Okay. I’ll agree with that. But if you’re clinging to that argument then you have to believe that because the quarterback is always the most important player on the field, that position should win MVP in every Super Bowl that doesn’t feature a transcendent rushing performance or mediocre all-around play that helps a defensive player get the nod. I’m not buying.

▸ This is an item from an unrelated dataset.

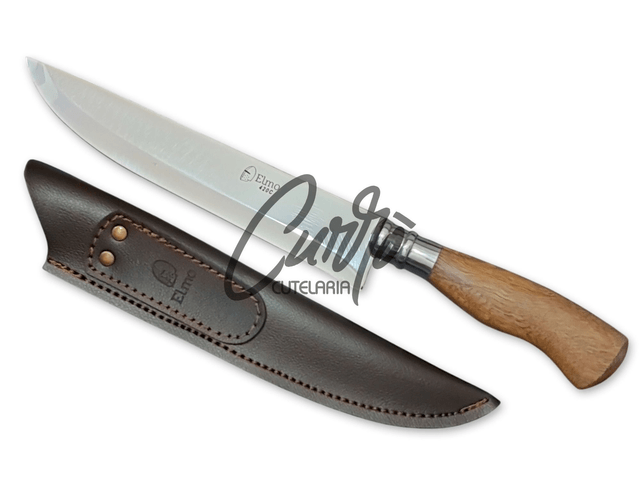 Faca Churrasco Elmo Aço Inox Cabo em Resina Tipo Madeira 9"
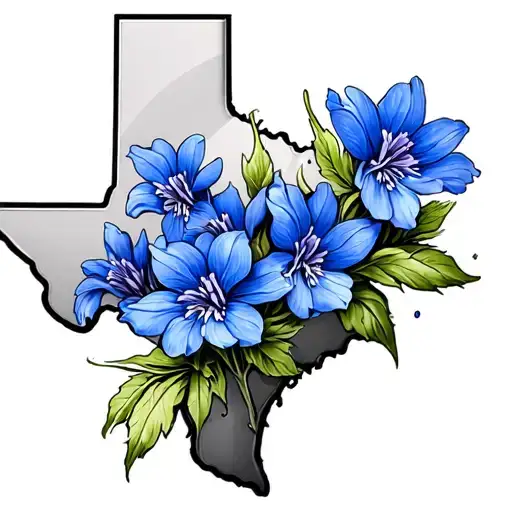 Texas Blue Bonnets Incorporated Into The Design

It’s a theory that’s all well and good for the MVP of a season, where quarterbacks have 16 games to distance themselves from every other position to show their worth, value and most outstanding play. In a single-game situation though, one-hit wonders can, and do, sometimes deserve the nod. If LeGarrette Blount gets one of those touchdowns or two of those passes go to Danny Amendola, then we’re not having this conversation. Brady’s spreading of the wealth would have made him a no-doubter. But White did have the three touchdowns and did have the 14 catches and did have the game-changing scores. It happened.
Those numbers and the meaning behind them should bring a win every time. Instead, voters went for the obvious – just give it to Brady. It’s not exactly a travesty of justice – Brady’s two drives at the end of regulation and in overtime were sublime – but if we’re just going to always give the award to the best player on the field, then why even bother giving one? (And Brady, for all his end-of-game greatness, was a huge reason the Patriots needed that comeback. He was off for most of the first three quarters and his pick-six touchdown was *thisclose* to being the decisive play of the NFL season.)
In the end, the Super Bowl MVP is a frivolous thing, a piece of trivial ephemera that keeps Larry Brown, Dexter Jackson and Ottis Anderson in the history books. But it still matters as much as any of these things do.
Tom Brady isn’t just the straw that stirs, he’s the drink. But for four hours on Sunday night, in this specific game among those specific circumstances, James White was the most valuable player on the New England Patriots. It might not have earned him the MVP but, hey, at least it earned him a trip to Disney World.